We look into what’s needed, from insurance to cleaning and upkeep

18ct rose gold and diamond rings, from £1,850, AJ Winksi Jewellers

Your home always looks so much better after a spring clean. Once you’ve given the windows a wipe down and taken out the recycling, the whole place can feel brand spanking new. It’s exactly the same with jewellery: a buff here and a polish there works wonders to brighten up dull, tarnished treasures. And, just like tidying up the house, a regular dose of care and consideration is the key to stopping things getting into a mess. So, what does it take to keep your jewellery looking as sparkling as it did when you first put it on?

From top: 18ct two-colour gold and diamond crossover wedding band, £695, Chisholm Hunter; Iconic platinum three-stone diamond ring, from £5,500 and Esme rose gold and diamond crossover ring, from £525, both Laing Edinburgh

Julia Black of James Brown & Partners has this sage advice: “Your rings have been made to be worn and enjoyed – just remember that they’re not indestructible!” So if you’re planning on doing any heavy work, it’s best to take them off before you get started. “If you’re gardening or embarking on some DIY, I’d suggest taking them off and keeping them somewhere safe until you’re finished,” recommends Julia. “Even if you’re just doing the dishes, remember to remove your rings,” she adds.

Even beauty products can take their toll. “I’d recommend removing rings before applying hand cream, moisturiser and body lotion or when spraying on perfume or aftershave,” says Frances at Chisholm Hunter’s workshop. The reason? These can all leave a coating on the gemstones and can cause the metal to tarnish.

There are a few steps you can take at home to keep your gems sparkling and looking good. “Clean your jewellery regularly with diamond cleaner or warm water with mild soap,” advises Richard Laing, director of Laing Edinburgh. “Use a soft-bristled toothbrush to remove the build-up of hand creams and oils, before drying each item with a soft cloth.”

It’s also worth buffing your rings with a metal-specific microfibre jewellery cloth to maintain their high polish and shine too. Taking care of your jewellery is not just about maintaining good looks; it is priceless to you in sentimental terms, but you can also expect it to increase in monetary value as the years pass, particularly if it is undamaged.

Richard sounds a note of caution, though: “The value of your jewellery can increase at a faster rate than your insurance generally allows. So it’s important to get these pieces revalued approximately every three years to ensure you are fully covered should the worst happen. You can normally list rings under household insurance but some independent jewellery insurers offer great value for peace of mind.”

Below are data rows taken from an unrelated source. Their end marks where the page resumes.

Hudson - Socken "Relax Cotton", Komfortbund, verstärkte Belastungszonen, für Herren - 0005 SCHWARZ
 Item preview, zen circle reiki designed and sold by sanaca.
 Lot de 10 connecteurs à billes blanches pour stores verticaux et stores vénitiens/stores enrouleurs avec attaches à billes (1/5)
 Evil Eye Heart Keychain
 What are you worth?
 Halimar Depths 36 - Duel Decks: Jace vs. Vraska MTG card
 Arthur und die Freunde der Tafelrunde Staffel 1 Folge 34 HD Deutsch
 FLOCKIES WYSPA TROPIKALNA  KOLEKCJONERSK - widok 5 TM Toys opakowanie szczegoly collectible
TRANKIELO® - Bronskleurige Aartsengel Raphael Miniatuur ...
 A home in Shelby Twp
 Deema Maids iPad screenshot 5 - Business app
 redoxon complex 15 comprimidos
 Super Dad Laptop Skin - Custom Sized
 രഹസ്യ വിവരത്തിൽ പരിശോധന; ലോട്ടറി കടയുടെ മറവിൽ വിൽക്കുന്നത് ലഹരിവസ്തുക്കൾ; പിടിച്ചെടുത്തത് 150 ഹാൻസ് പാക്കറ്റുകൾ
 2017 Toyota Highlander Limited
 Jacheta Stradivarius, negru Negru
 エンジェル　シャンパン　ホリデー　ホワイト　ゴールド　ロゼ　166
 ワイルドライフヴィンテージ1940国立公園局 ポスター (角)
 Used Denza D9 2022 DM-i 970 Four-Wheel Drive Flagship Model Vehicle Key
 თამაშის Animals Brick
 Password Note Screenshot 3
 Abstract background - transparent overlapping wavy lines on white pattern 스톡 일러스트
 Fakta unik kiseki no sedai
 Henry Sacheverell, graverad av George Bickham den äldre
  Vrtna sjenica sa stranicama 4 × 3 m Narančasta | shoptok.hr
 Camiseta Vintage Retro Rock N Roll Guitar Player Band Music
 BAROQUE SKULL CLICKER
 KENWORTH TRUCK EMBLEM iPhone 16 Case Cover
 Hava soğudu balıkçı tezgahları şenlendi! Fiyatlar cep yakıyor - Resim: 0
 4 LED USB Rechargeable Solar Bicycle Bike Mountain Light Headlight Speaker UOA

There is a lot of misinformation out there about which methods to use. For example, you might be thinking of plunging your pearls into water for a quick rinse. Step away from the tap! This could damage them beyond repair. “Don’t listen to old wives’ tales about what to use,” warns Julia. “We’ve heard them all: vodka, gin, whisky, toothpaste, even putting them in the dishwasher. No!”

Some jewellers offer a free cleaning service. “At James Brown & Partners, we check the whole ring over to make sure all the stones are secure and that there are no signs of wear or damage. If all is well, the clean takes about five minutes – and the result is amazing!” says Julia.

From left: Platinum oval-cut sapphire and brilliant-cut diamond trilogy ring, £12,995, Chisholm Hunter; Anna 18ct yellow gold cluster ring, £6,495, Laing Edinburgh

If you haven’t kept up a regular cleaning routine with your rings, it’s still possible to restore them to their former glory –and all within the space of a day. “We offer a same-day polishing and rhodium-plating service for £20 so you don’t have to be without your rings for more than a few hours,” explains Julia. “Rings normally require polishing or plating once a year, and it’s a nice thing to do for an anniversary.”

Popping back to your jeweller every now and then is the best way to ensure your valuables are well taken care of and kept in tip top condition. “It lets us see that the stones are gripped securely and gives us a chance to polish out any minor scratches,” says Richard.

While this work is being carried out, the jeweller will ensure the rings still fit properly – you’d be surprised at how even small changes in your weight can make rings feel too loose or too tight on your finger. It’s usually quite straightforward to have them altered to feel more comfortable. There is much else a jeweller can do to enhance and prolong the life of a ring. “We can redesign and remodel it, repair it, replace stones and reset them, and much more,” says Frances. With a little care and attention, it seems, your rings will shine bright forever!